TYRANNOSAUR
Peter Mullan entre explosion et implosion
Un homme d’une cinquantaine d’années, passablement alcoolisé, agresse diverses personnes, à un guichet puis dans un bar. Poursuivi par des jeunes qui veulent se venger et effrayé par son propre comportement, il se réfugie dans un magasin où il tombe sur une bigote pleine de bonnes volontés…
Le malheur et la solitude sont-il solubles dans la religion ou toute autre croyance ? C'est en partie cette question que Paddy Considine (« 24 Hour party people », « In America »), ici derrière la caméra, semble se poser avec « Tyrannosaur », une œuvre d'une noirceur rare. Ce film viscéral nous propose d'être témoins de la rencontre de deux souffrances, l'une assumée sous forme d'une rage devenue quasi incontrôlable, l'autre refoulée grâce à la prière. D'un côté, il y a donc le personnage de Peter Mullan, dont la seule forme d'expression semble être l'agression, qu'elle soit physique (sur des jeunes gens dans un bar...), matérielle (sur une vitrine de « pakis »), ou verbale (sur la pauvre bigote qui l'a aidé un instant en l'accueillant dans son magasin). De l'autre, il y a justement cette femme, croyante, qui aime à prier pour les autres, histoire de ne pas se préoccuper de son propre sort.

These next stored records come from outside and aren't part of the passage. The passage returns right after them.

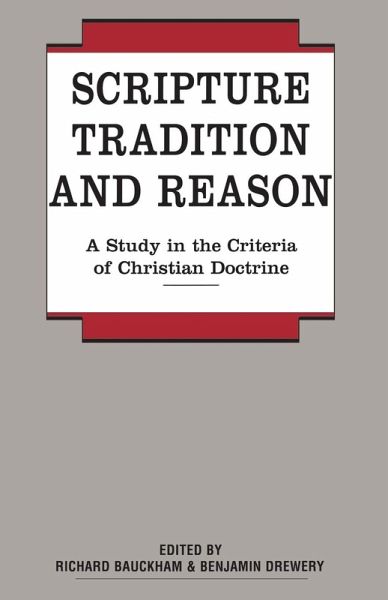 Scripture, Tradition and Reason Scripture, Tradition and Reason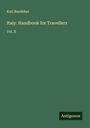 Karl Baedeker: Italy. Handbook for Travellers, Buch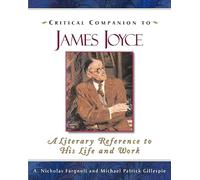 Critical Companion to James Joyce: A Literary Reference to His Life and Work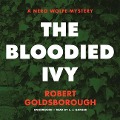 The Bloodied Ivy: A Nero Wolfe Mystery - Robert Goldsborough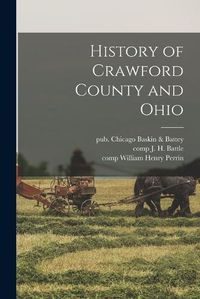 Cover image for History of Crawford County and Ohio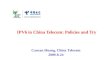 IPV6 in China Telecom: Policies and Try Cancan Huang, China Telecom 2009-8-24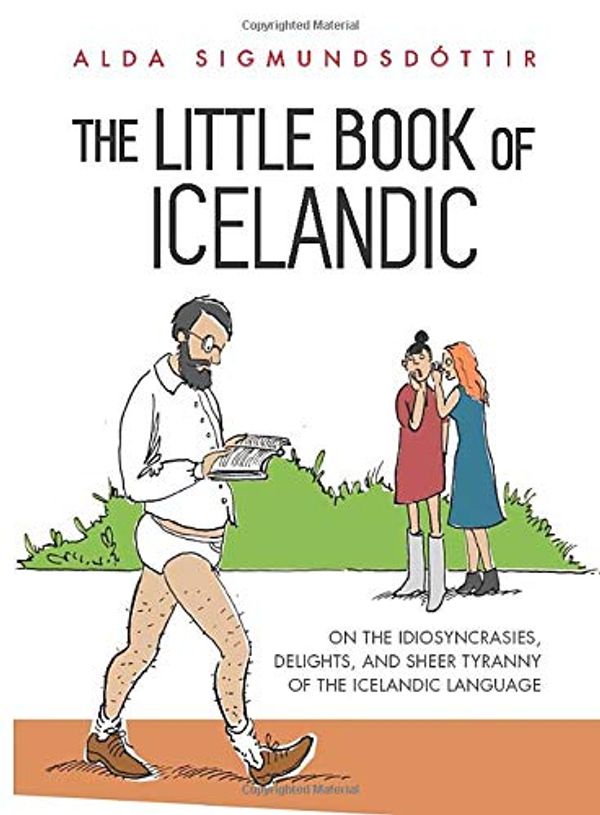 Cover Art for 9781970125061, The Little Book of Icelandic: On the idiosyncrasies, delights, and sheer tyranny of the Icelandic language by Sigmundsdóttir, Alda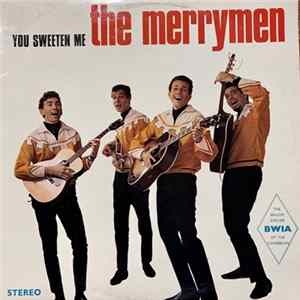 Download The Merrymen - You Sweeten Me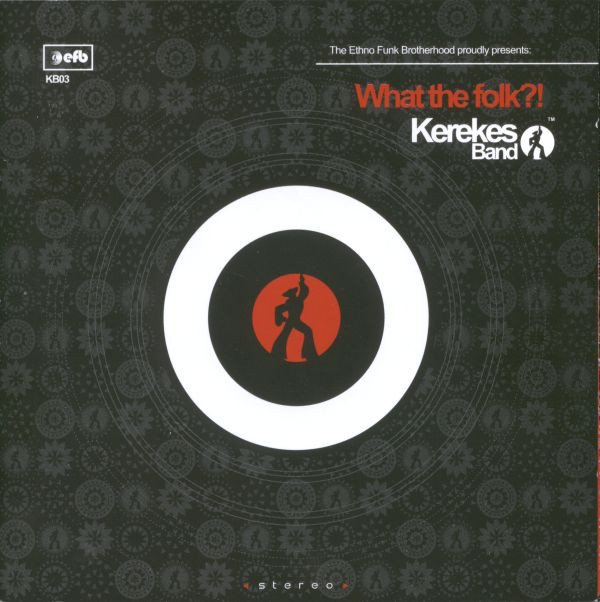 Kerekes Band - What the Folk! (2011).jpg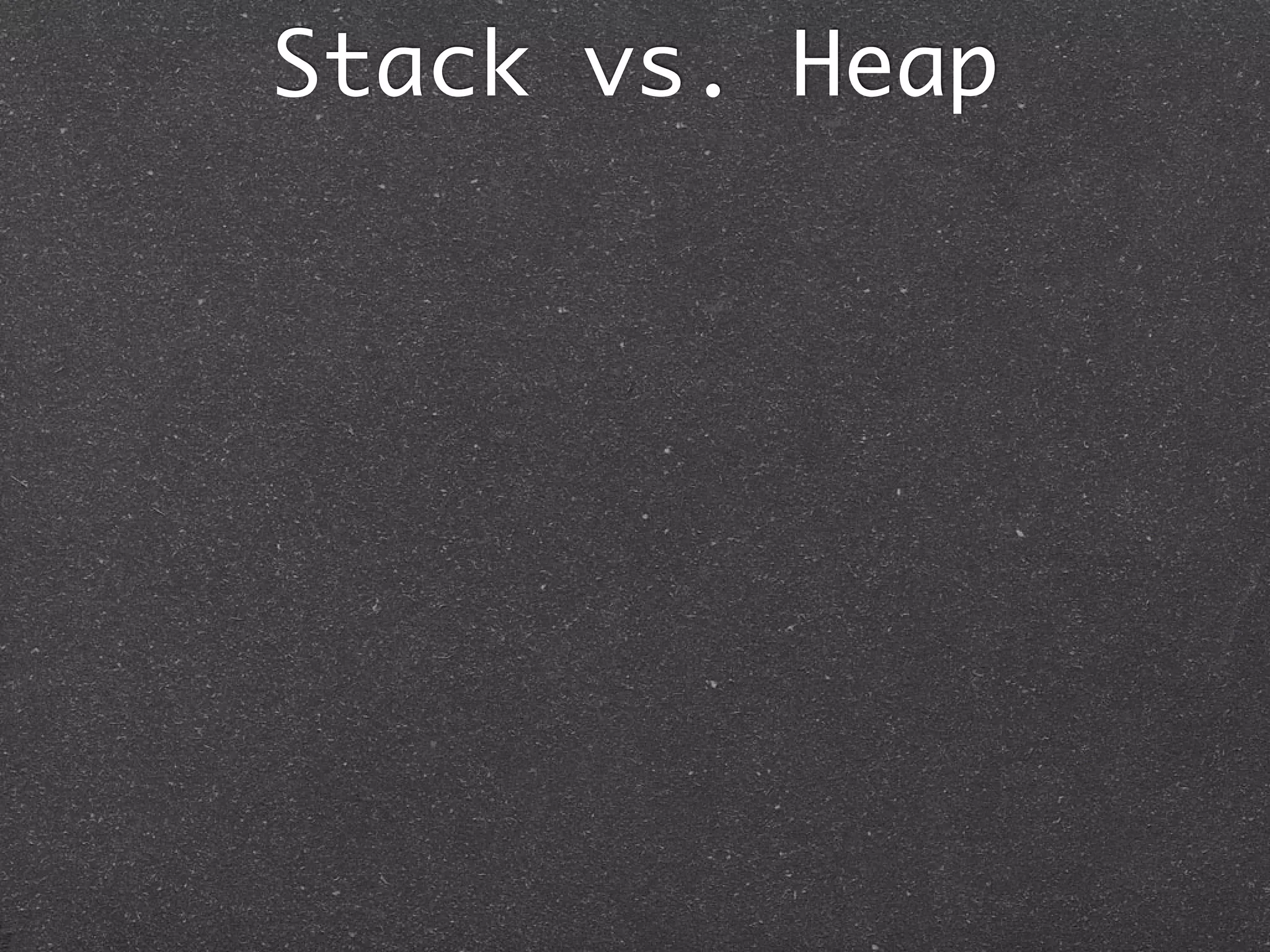 Stack vs. Heap
 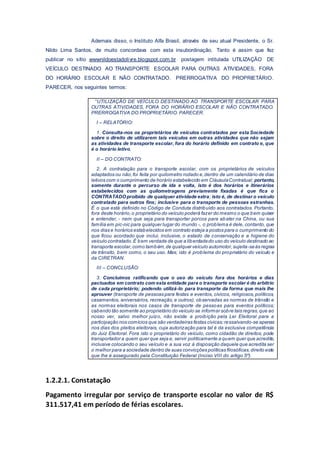 Ademais disso, o Instituto Alfa Brasil, através de seu atual Presidente, o Sr.
Nildo Lima Santos, de muito concordava com esta insubordinação. Tanto é assim que fez
publicar no sítio wwwnildoestadolivre.blogspot.com.br postagem intitulada UTILIZAÇÃO DE
VEÍCULO DESTINADO AO TRANSPORTE ESCOLAR PARA OUTRAS ATIVIDADES, FORA
DO HORÁRIO ESCOLAR E NÃO CONTRATADO. PRERROGATIVA DO PROPRIETÁRIO.
PARECER, nos seguintes termos:
“UTILIZAÇÃO DE VEÍCULO DESTINADO AO TRANSPORTE ESCOLAR PARA
OUTRAS ATIVIDADES, FORA DO HORÁRIO ESCOLAR E NÃO CONTRATADO.
PRERROGATIVA DO PROPRIETÁRIO. PARECER.
I – RELATÓRIO:
1. Consulta-nos os proprietários de veículos contratados por esta Sociedade
sobre o direito de utilizarem tais veículos em outras atividades que não sejam
as atividades de transporte escolar, fora do horário definido em contrato e, que
é o horário letivo.
II – DO CONTRATO:
2. A contratação para o transporte escolar, com os proprietários de veículos
adaptados ou não,foi feita por quilometro rodado e,dentro de um calendário de dias
letivos com o cumprimento de horário estabelecido em CláusulaContratual; portanto,
somente durante o percurso de ida e volta, isto é dos horários e itinerários
estabelecidos com as quilometragens previamente fixadas é que fica o
CONTRATADOproibido de qualquer atividade extra; isto é, de destinar o veículo
contratado para outros fins; inclusive para o transporte de pessoas estranhas.
É o que está definido no Código de Conduta distribuído aos contratados. Portanto,
fora deste horário,o proprietário do veículo poderá fazer do mesmo o que bem quiser
e entender, - nem que seja para transportar porcos para abater na China, ou sua
família em pic-nic para qualquer lugar do mundo -, o problema é dele, contanto, que
nos dias e horários estabelecidos em contrato esteja a postos para o cumprimento do
que ficou acordado que inclui, inclusive, o estado de conservação e a higiene do
veículo contratado.É bem verdade de que a liberdadedo uso do veículo destinado ao
transporte escolar,como também,de qualquer veículo automotor,sujeita-seàs regras
de trânsito, bem como, o seu uso. Mas; isto é problema do proprietário do veículo e
da CIRETRAN.
III – CONCLUSÃO:
3. Concluímos ratificando que o uso do veículo fora dos horários e dias
pactuados em contrato com esta entidade para o transporte escolar é do arbítrio
de cada proprietário; podendo utilizá-lo para transporte da forma que mais lhe
aprouver (transporte de pessoas para festas e eventos, cívicos, religiosos,políticos,
casamentos, aniversários, recreação, e outros), observadas as normas de trânsito e
as normas eleitorais nos casos de transporte de pessoas para eventos políticos;
cabendo tão somente ao proprietário do veículo se informar sobre tais regras,que ao
nosso ver, salvo melhor juízo, não existe a proibição pela Lei Eleitoral para a
participação nos comícios que são verdadeiras festas cívicas;ressalvando-se apenas
nos dias dos pleitos eleitorais, cuja autorização para tal é da exclusiva competência
do Juiz Eleitoral. Fora isto o proprietário do veículo, como cidadão de direitos, pode
transportador a quem quer que seja e, servir politicamente a quem quer que acredite,
inclusive colocando o seu veículo e a sua voz à disposição daquele que acredita ser
o melhor para a sociedade dentro de suas convicções políticas filosóficas,direito este
que lhe é assegurado pela Constituição Federal (Inciso VIII do artigo 5º).
1.2.2.1. Constatação
Pagamento irregular por serviço de transporte escolar no valor de R$
311.517,41 em período de férias escolares.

Car à peine le scénario s'intéresse-t-il à la vie privée de cette dernière, que le sordide envahit l'écran, avec l'apparition dans le jeu d'un mari propre sur lui (Eddie Marsan vu dans « Be happy » et « La disparition d'Alice Creed »), costard oblige, mais qui n'hésite pas à pisser sur sa femme endormie sur le canapé. Un geste qui en dit long sur la manière dont il considère celle-ci. Triplement primé pour ses interprètes au Festival de Sundance 2011, « Tyrannosaur » n'est certainement pas un film optimiste sur l'humanité, le personnage de Peter Mullan (« My name is Joe », « Boy A ») posant en principe son refus de connaître de nouvelles personnes, car « connaître quelqu'un, c'est connaître sa merde ». Comme si à partir d'un certain âge, s'intéresser aux autres devenait impossible, ou simplement hautement risqué, ceci quelles que soient les conditions sociales.
Car le scénario de « Tyrannosaur » se retrouve à la croisée de deux mondes, celui des classes ouvrières et des cités, et celui de la bourgeoisie commerçante, pour arriver à une même conclusion quant à la place de l'humiliation dans les existences de chacun. Faisant une place particulière aux chiens, élément clé du récit, symbole de l'innocence perdue de toute une classe sociale, il indique avec justesse que « un animal peut encaisser une certaine quantité d'humiliation », l'homme étant plus limité dans ses réactions, qui mènent parfois à l'explosion, parfois à l'implosion. Mais au final chacun n'est pas forcément capable de choisir entre l'un ou l'autre, ou de faire face aux conséquences de ce choix.